Ocean Shores is one of Washington’s most popular beaches. Located about three hours from Seattle, the town of Ocean Shores is a bit quieter than similar Oregonian cities, but has the requisite oceanfront hotels, seafood restaurants, places to buy saltwater taffy and family fun. Of course, it also has a beach — several miles of beach, actually. The beaches along the hotel zone allow cars on the sand, so you’ll be able to park right by the surf if you want.

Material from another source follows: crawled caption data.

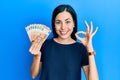 Beautiful young woman holding bunch of 50 euro banknotes smiling positive doing ok sign with hand and fingers Royalty Free Stock Photo
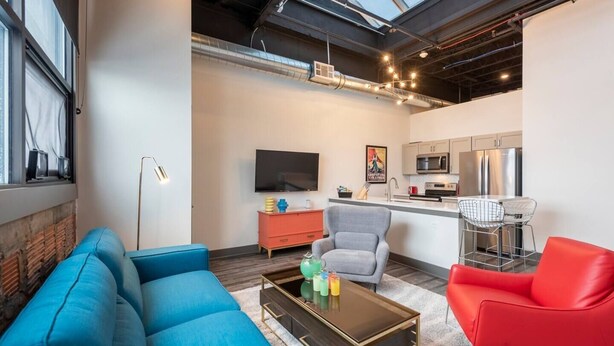 A modern living room with a blue sofa, a red chair, and a coffee table. There is a kitchen area with a microwave and a refrigerator. - Fresh, Sleek, and Contemporary Executive Apartment (Rochester)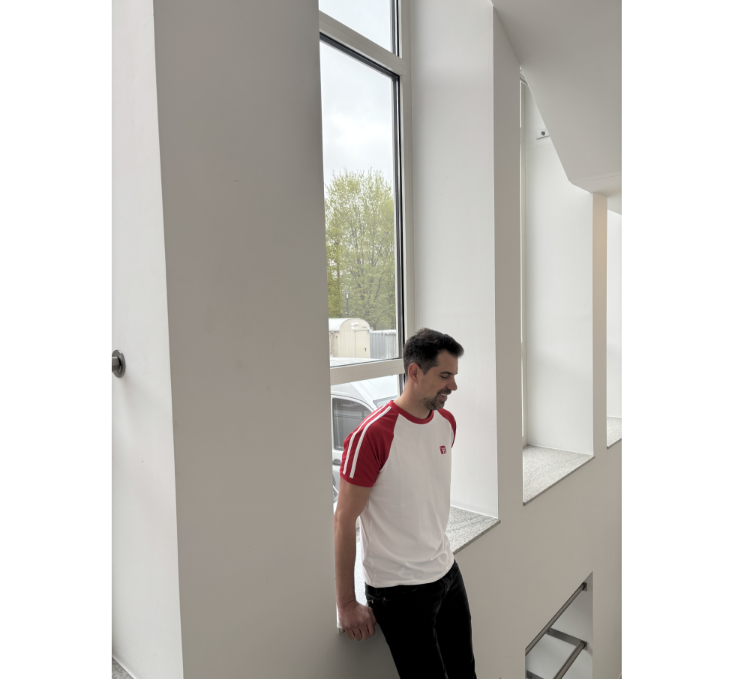 Männliches Model mit T-Shirt in weiß mit roten mit weißen Strichen Ärmeln, rotes Finanz Informatik Logo auf der linken Brust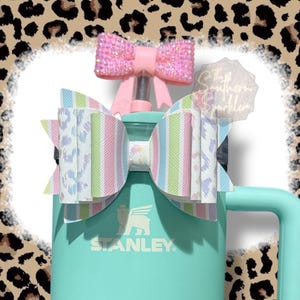 May include: A teal Stanley tumbler with a large pastel striped bow and a smaller pink bow. The bows are attached to the lid. The text "The Southern Sparkler" is visible on a clear tag.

Ocean Shores is also the place to go if you want to ride a horse along the beach, and you’ll find bike rentals too. If the hotel zone is not your thing, you can wander farther down the beach and find quiet places, or venture out to the jetty at the far southern end of town to see big waves rolling in as you stand on the rocks.

02 of 07


Westport WA

Tom Collins/Flickr/CC BY-ND 2.0

Westport and Ocean Shores are on two opposite sides of one bay from one another. Both have jetties, and Westport also allows cars on the southern part of its beach. Westport is a little less commercial, though, and has fewer hotels. It’s a great spot if what you want to do is enjoy Washington’s beaches for the finest they have to offer — namely deep sea fishing, crabbing, razor clamming, or enjoying nature. Westport is known for a herd of elk that graze nearby, and it’s close to a few cranberry bogs you can drive by and see.

03 of 07


Seabrook WA

Megan Coughlin/Flickr/CC BY-ND 2.0

Seabrook is a Washington beach town that does things a little differently. You won’t find a strip of hotels here. Instead, the planned community is made up of immaculate rental cottages and homes paired with some well-placed amenities: a Town Hall for things to do, a pool, a park and game courts. Some cottages are right along the water, but most are set back; the beach is never very far away. Go beachcombing, sit in the sand and watch the waves, or find your own adventure. Of all of Washington’s beaches, Seabrook is one of the most picturesque due to its adorable Cape Cod-like town.

04 of 07

Long Beach

Gateway to beach at Long Beach, Long Beach Peninsula, Washington State
nik wheeler/Getty Images

Long Beach isn’t kidding around about being long. The beach stretches for 28 miles, but of course, most of it isn’t lined by hotels and things to do. Still, if you have a hankering for a really long beach walk, this is the place for you. In the town of Long Beach, you can enjoy walking along a wooden boardwalk, rent a bike or go-kart, take a horseback ride or explore the town. Like most of Washington’s ocean beaches, during the season, you can go crabbing, clamming or fishing. Any time of year (but it’s better in warmer weather), you’ll find any number of other activities from golfing to exploring nearby lighthouses. But, of course, sometimes the best thing to do is just hang out on the beach and bring your kite along and relax.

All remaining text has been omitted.